Die Brosche war ein bisschen exzentrisch. Sie war oval mit sieben Brillanten - große Brillianten und kleine Brillianten. In der Mitte war ein gelblicher Brillant in der Größe eines Nagels. Und diese Brosche konnte man auch als Anhänger tragen.

Das Geschäft war zu, an der Tür war ein Zettel. Dann kam die Besitzerin, ich ging hinein und habe sie gefragt: ‚Sagen Sie bitte, hat die Brosche hinten eine Nadel und einen Anhänger?’ Sie hat mit ja geantwortet. Dann habe ich gefragt, ob hinten ein Stückel abgebrochen ist. Wieder hat sie mit ja geantwortet und mich verwundert angeschaut. Und dann habe ich gefragt, ob das Armband so und so einzuhacken ist? Da hat sie mich gefragt, wer ich bin. Ich habe ihr gesagt, dass die Brosche und das Armband meiner Mutter gehört haben.

Sie war ganz aufgeregt und hat gesagt, dass sie die Stücke aus einem Privatbesitz in Kommission hätte, und sie mir nicht sagen dürfe, wem das Armband und die Brosche gehören. Ich habe gesagt: ‚Natürlich, das ist schon in Ordnung.’ Es war ein Schock für mich, die Schmuckstücke meiner Mutter nach so vielen Jahren zu sehen.

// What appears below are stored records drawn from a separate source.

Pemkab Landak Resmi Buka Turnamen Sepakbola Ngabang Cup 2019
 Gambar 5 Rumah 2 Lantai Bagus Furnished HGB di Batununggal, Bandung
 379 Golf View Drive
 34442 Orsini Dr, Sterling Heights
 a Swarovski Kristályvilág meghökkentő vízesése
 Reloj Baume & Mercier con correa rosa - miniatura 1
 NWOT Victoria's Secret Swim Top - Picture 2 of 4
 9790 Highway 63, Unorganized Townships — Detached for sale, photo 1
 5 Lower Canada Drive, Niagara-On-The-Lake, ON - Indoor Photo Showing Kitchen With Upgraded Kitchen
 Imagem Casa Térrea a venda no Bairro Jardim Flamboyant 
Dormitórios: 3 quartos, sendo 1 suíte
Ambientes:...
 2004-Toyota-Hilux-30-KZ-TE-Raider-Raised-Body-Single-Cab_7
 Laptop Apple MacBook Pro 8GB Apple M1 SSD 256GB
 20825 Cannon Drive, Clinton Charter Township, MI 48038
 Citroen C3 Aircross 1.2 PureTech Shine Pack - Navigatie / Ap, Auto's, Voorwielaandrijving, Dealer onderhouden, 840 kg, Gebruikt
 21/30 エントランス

Ich hätte die Schmuckstücke brauchen können, ich war damals wirklich hundsarm. Ich habe das dann meinen Freundinnen erzählt, und eine ist ins Geschäft gegangen und hat gefragt was die Brosche kostet. Das war eine halbe Million Schilling. Den Preis des Armbands hat sie nicht erfragt, weil das zu auffällig gewesen wäre.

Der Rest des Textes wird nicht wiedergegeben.